Introduction to LSM-Trees and SSTables

Up until now, there was no order between the key-value pairs stored in the data segments. When we start storing key-value pairs in the sorted order of the key, we call this data segment SSTable (or, Sorted String Table). But since the log is append-only, how do we store the keys in sorted order?

Storing Keys in Sorted Order

In memory, we can maintain a sorted tree data structure such as an AVL Tree or Red-black Tree. Generally, a Red-black Tree is preferred. With these data structures, we can insert keys in any order and read them back in sorted order. Whenever a write comes in, we’ll add it first to the in-memory balanced tree data structure known as memtable.

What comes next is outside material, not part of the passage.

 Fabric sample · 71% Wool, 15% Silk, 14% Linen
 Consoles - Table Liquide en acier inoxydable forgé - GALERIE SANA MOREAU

When this memtable gets bigger than the initially configured threshold, we’ll write it to the disk as SSTable file. Each memtable is written out to the disk in a new SSTable file. Note that while the SSTable is being written out to disk, writes can continue to a new memtable instance. Whenever a read comes in, we’ll first look in the memtable, then in the most recent on-disk SSTable until the oldest on-disk SSTable, until that key is found.

So we’ve figured out how to store keys in sorted order, and how to keep the size of memtable manageable. However, given that every memtable is written out to a new on-disk SSTable, we might still need to look into a lot of SSTables to find the key during read operations.

Optimizing the Read Operations

To keep the number of SSTables to the minimum, we can periodically perform Compaction and Merge process in background just like we did before and discard overwritten or deleted values.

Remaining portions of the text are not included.